Brian Walker’s - Rose Spray Program
As a now elderly third generation rose grower with two fourth generation rose growing daughters, Felicity and Kate, a question we are regularly asked is “what spray should I use”. Some say they cannot be bothered growing roses because of the need to spray. However, there are only a few plants which don’t get attacked by one thing or another. The Indian Bead Tree (Melia azedarach) is one I know of but it has its own inbuilt insecticide (Neem Oil). In general, veges need more sprays than roses.
Roses are up with the best value plants for garden colour and cut flowers. Guys, try pinching a rose with a nice stem from someone’s garden, take it home to the love of your life, then watch their response. Roses are not only beautiful, they are also delectable (rose hip syrup) just ask any browsing cattle, sheep, deer, possum etc.

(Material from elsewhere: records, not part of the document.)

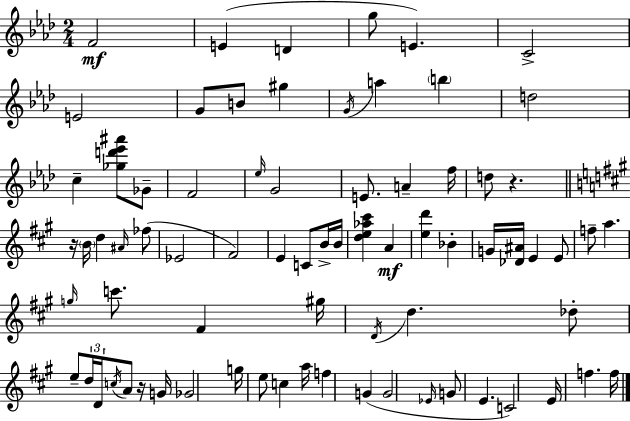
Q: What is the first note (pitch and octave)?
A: F4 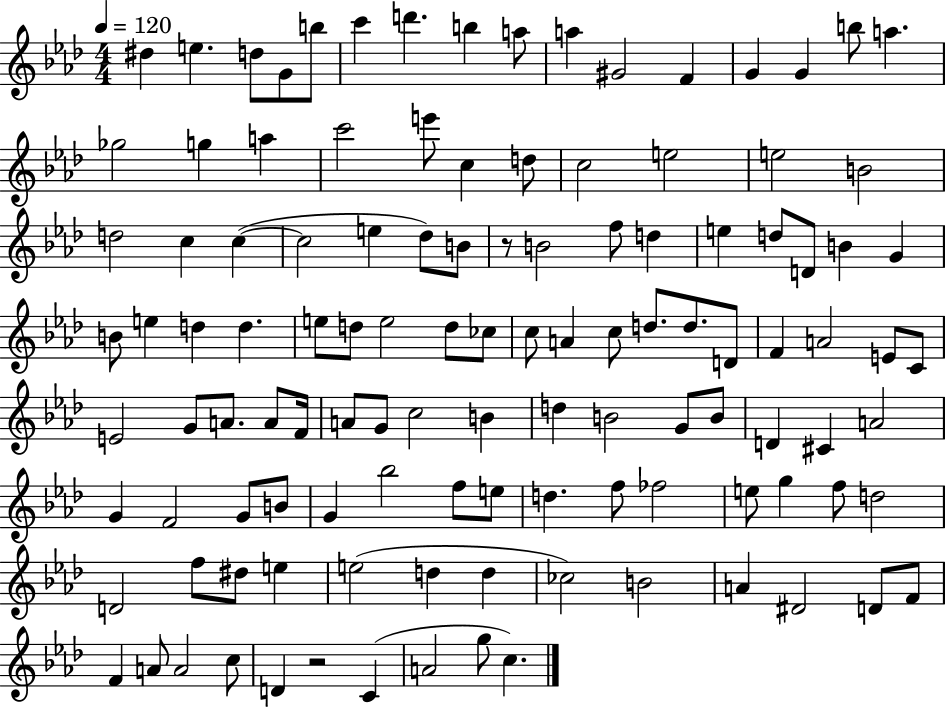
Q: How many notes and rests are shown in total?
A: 116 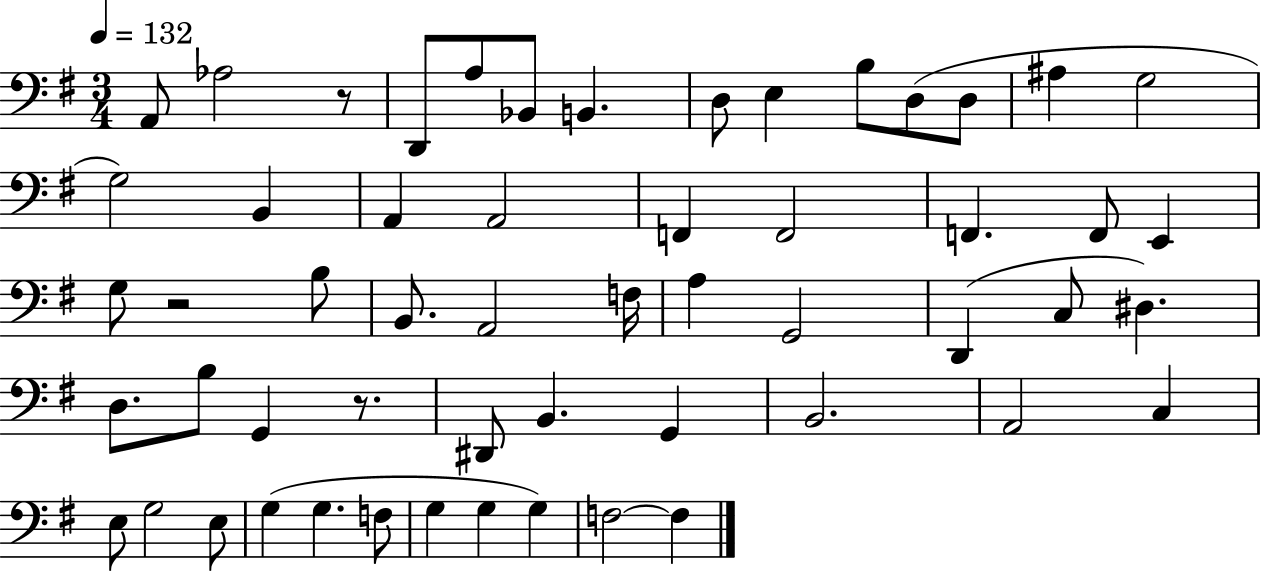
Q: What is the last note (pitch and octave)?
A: F3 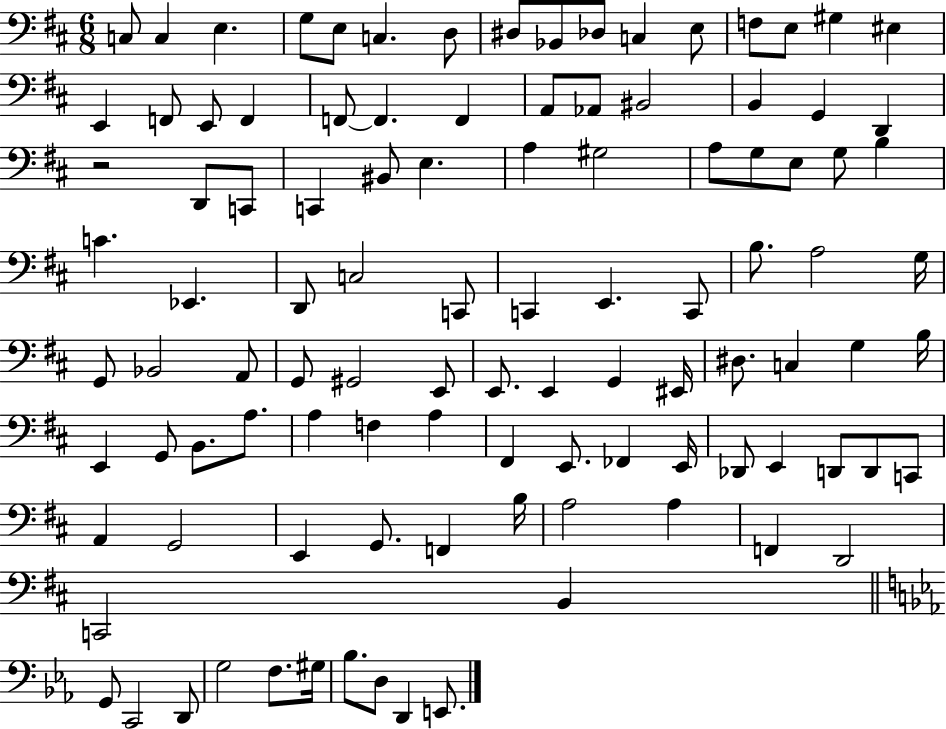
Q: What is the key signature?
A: D major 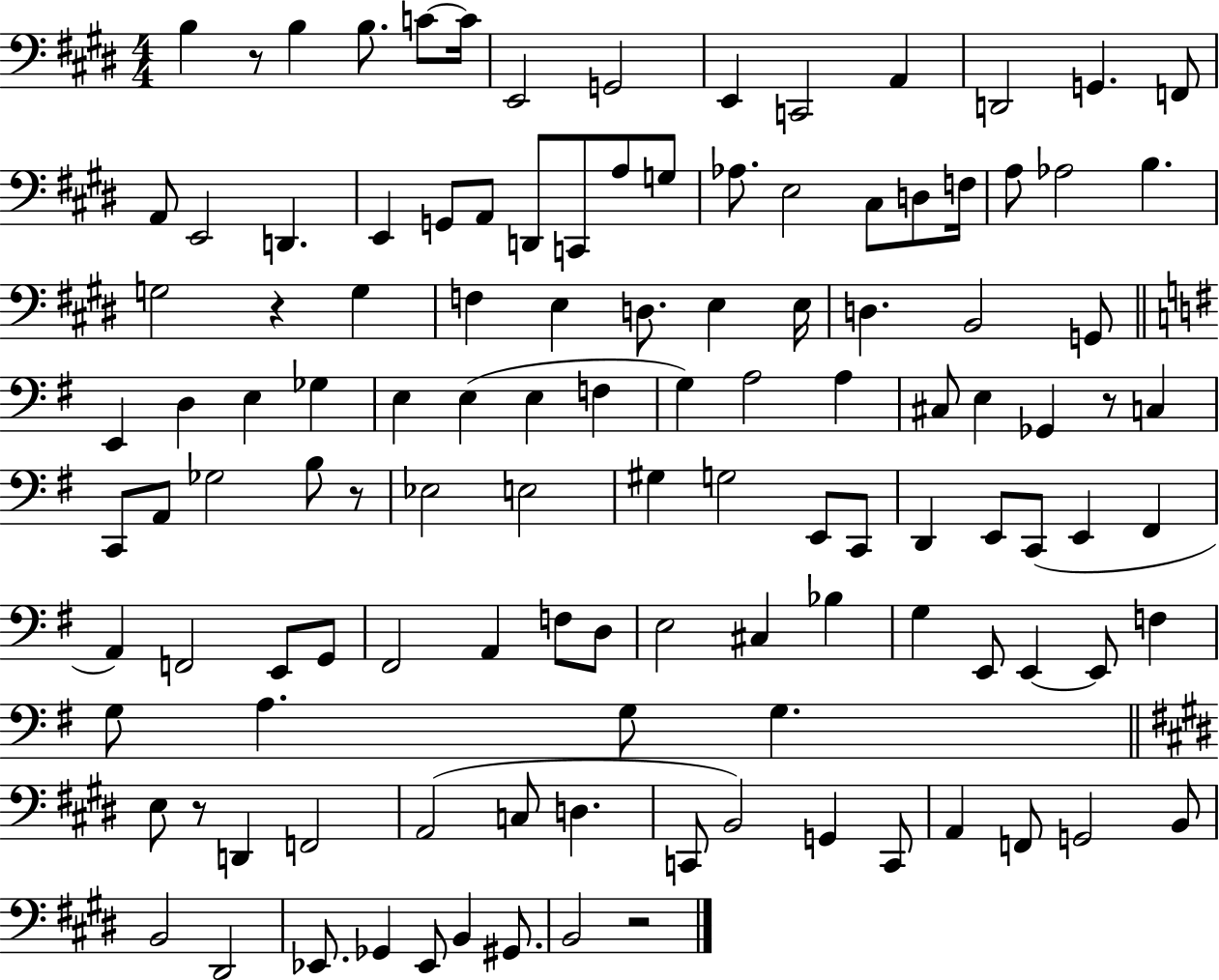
B3/q R/e B3/q B3/e. C4/e C4/s E2/h G2/h E2/q C2/h A2/q D2/h G2/q. F2/e A2/e E2/h D2/q. E2/q G2/e A2/e D2/e C2/e A3/e G3/e Ab3/e. E3/h C#3/e D3/e F3/s A3/e Ab3/h B3/q. G3/h R/q G3/q F3/q E3/q D3/e. E3/q E3/s D3/q. B2/h G2/e E2/q D3/q E3/q Gb3/q E3/q E3/q E3/q F3/q G3/q A3/h A3/q C#3/e E3/q Gb2/q R/e C3/q C2/e A2/e Gb3/h B3/e R/e Eb3/h E3/h G#3/q G3/h E2/e C2/e D2/q E2/e C2/e E2/q F#2/q A2/q F2/h E2/e G2/e F#2/h A2/q F3/e D3/e E3/h C#3/q Bb3/q G3/q E2/e E2/q E2/e F3/q G3/e A3/q. G3/e G3/q. E3/e R/e D2/q F2/h A2/h C3/e D3/q. C2/e B2/h G2/q C2/e A2/q F2/e G2/h B2/e B2/h D#2/h Eb2/e. Gb2/q Eb2/e B2/q G#2/e. B2/h R/h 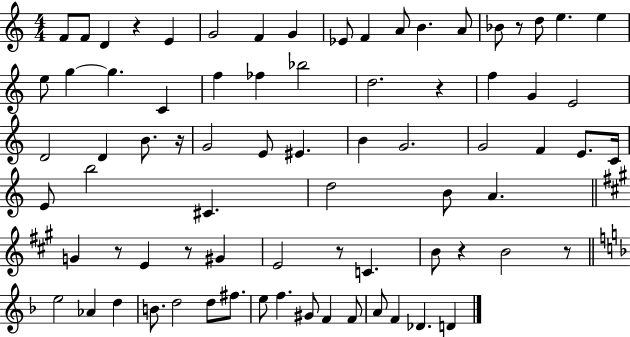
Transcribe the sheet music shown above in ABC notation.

X:1
T:Untitled
M:4/4
L:1/4
K:C
F/2 F/2 D z E G2 F G _E/2 F A/2 B A/2 _B/2 z/2 d/2 e e e/2 g g C f _f _b2 d2 z f G E2 D2 D B/2 z/4 G2 E/2 ^E B G2 G2 F E/2 C/4 E/2 b2 ^C d2 B/2 A G z/2 E z/2 ^G E2 z/2 C B/2 z B2 z/2 e2 _A d B/2 d2 d/2 ^f/2 e/2 f ^G/2 F F/2 A/2 F _D D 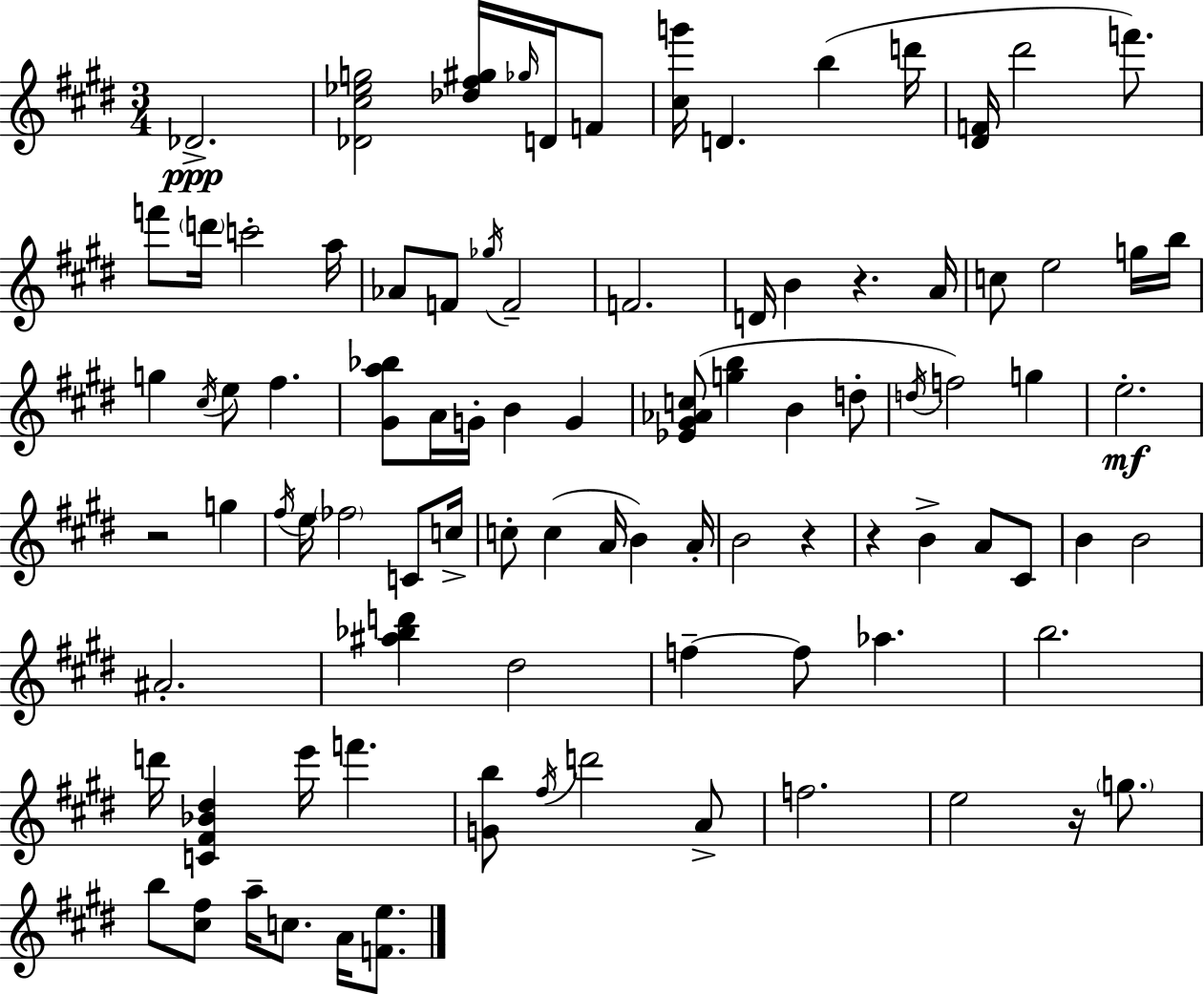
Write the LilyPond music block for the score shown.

{
  \clef treble
  \numericTimeSignature
  \time 3/4
  \key e \major
  des'2.->\ppp | <des' cis'' ees'' g''>2 <des'' fis'' gis''>16 \grace { ges''16 } d'16 f'8 | <cis'' g'''>16 d'4. b''4( | d'''16 <dis' f'>16 dis'''2 f'''8.) | \break f'''8 \parenthesize d'''16 c'''2-. | a''16 aes'8 f'8 \acciaccatura { ges''16 } f'2-- | f'2. | d'16 b'4 r4. | \break a'16 c''8 e''2 | g''16 b''16 g''4 \acciaccatura { cis''16 } e''8 fis''4. | <gis' a'' bes''>8 a'16 g'16-. b'4 g'4 | <ees' gis' aes' c''>8( <g'' b''>4 b'4 | \break d''8-. \acciaccatura { d''16 } f''2) | g''4 e''2.-.\mf | r2 | g''4 \acciaccatura { fis''16 } e''16 \parenthesize fes''2 | \break c'8 c''16-> c''8-. c''4( a'16 | b'4) a'16-. b'2 | r4 r4 b'4-> | a'8 cis'8 b'4 b'2 | \break ais'2.-. | <ais'' bes'' d'''>4 dis''2 | f''4--~~ f''8 aes''4. | b''2. | \break d'''16 <c' fis' bes' dis''>4 e'''16 f'''4. | <g' b''>8 \acciaccatura { fis''16 } d'''2 | a'8-> f''2. | e''2 | \break r16 \parenthesize g''8. b''8 <cis'' fis''>8 a''16-- c''8. | a'16 <f' e''>8. \bar "|."
}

The latest roses are being bred for disease resistance but “just as it is for us humans” they are still vulnerable to attack by pests and some fungal and bacterial diseases.
Black Spot, Powdery Mildew, Rust, Downy Mildew
Aphids, Mites, Scale, Caterpillars
These are the main enemy who want to feed on your roses. But you have superior weaponry and can wreck them havoc. Aphids and caterpillars are commonly recognisable. Holes in flowers and leaves give away the caterpillars. As aphids en masse, and love to sit at the top of the soft growing rose tip to suck the sap they are also easy to see.
Mite: I recommend that you avoid pyrethrins as they kill beneficial insects who feast on problem mite. That’s why many roses drop their leaves in January/February. It is thousands of mite. The underside of the leaves look as if they are covered in dust. Many assume it is a lack of water but a look through a magnifying glass will show swarms of tiny mites and webs. They literally suck the plant dry.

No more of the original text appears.